During a typically animated Super Bowl party in suburban Chicago Sunday, the chatter came to an abrupt halt when that trademark voice-in an urgent, raspy whisper-knifed through the air in its quiet, compelling way.
Suddenly, all eyes turned to the television screen flashing soft images of an industrial America that had been pushed to the brink only to claw its way back, in Clint Eastwood's words, because America "knows how to come from behind to win." Sounding like the weary but determined character from a tough Detroit neighborhood (a role he played in "Gran Torino"), Eastwood's tone turned defiant.
"This country can't be knocked out with one punch. We get right back up again, and when we do the world is going to hear the roar of our engines." The commercial, "Halftime in America," didn't reveal its sponsor until the final seconds, when Chrysler logos appeared briefly, but it has already become a classic, and perhaps inevitably in this election year, a political football.

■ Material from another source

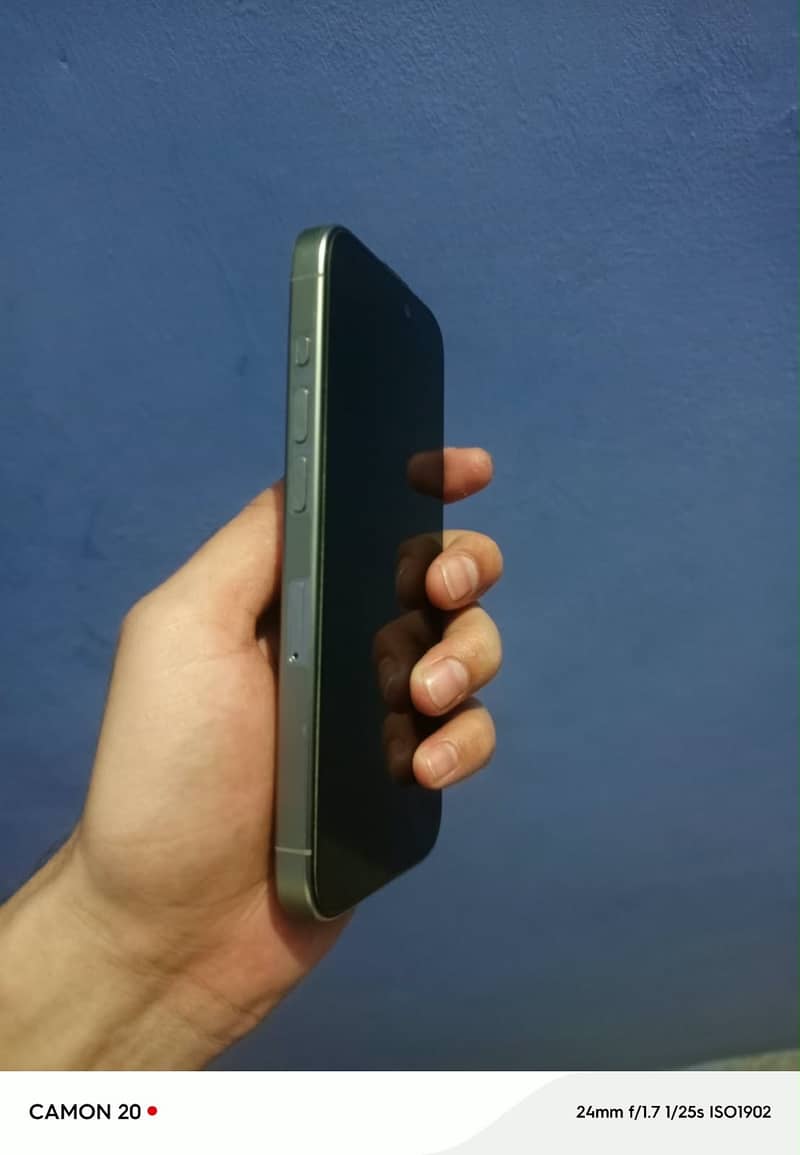 Apple iPhone 15 Pro 2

White House spokesman Dan Pfeiffer weighed in on Twitter, "Saving the American Auto Industry: Something Eminem and Clint Eastwood can agree on." (Eminem's Chrysler commercial was a huge hit last Super bowl.) The conservative blogger Michel Malkin fumed, "Did I just see Clint Eastwood fronting an auto bailout ad?"
Chrysler, like General Motors, was headed for the junk heap before the Bush and Obama administrations rode to the rescue with $12.5 billion from U.S. taxpayers. Now, both are roaring back from near death-hiring workers and posting strong profits. In January, the American auto industry put the pedal to the metal, selling cars at the fastest pace in nearly four years. (Chrysler has repaid all but $1.3 billion.)
Ironically enough, Eastwood-the former Republican mayor of Carmel, Calif., opposed the bailout, telling the Los Angeles Times in 2010: "We shouldn't be bailing out the banks and car companies. If a CEO can't figure out how to make his company profitable, then he shouldn't be the CEO."
Republican presidential candidate Mitt Romney also opposed using government money to help the American automakers, famously penning an op-ed in the New York Times entitled, "Let Detroit Go Bankrupt." Now Romney says he favored a "structured bankruptcy" using private funds. But former Obama administration car czar Steven Rattner, who supervised the bailout, tells ABC News that such a solution was impossible during the credit crisis of 2008-2009 because only the government was willing or able to provide financing.
But Chrysler CEO Sergio Marchionne insists that presidential politics had nothing to do with Eastwood's Chrysler commercial. "It has zero political content," Marchionne told Detroit radio station WJR. "We are as apolitical as you can make us." Instead, he says, the ad was intended as a tribute to the employees of Chrysler and resonated "because it says something…about the resilience of America."
Italy's Fiat SpA now owns a majority of Chrysler.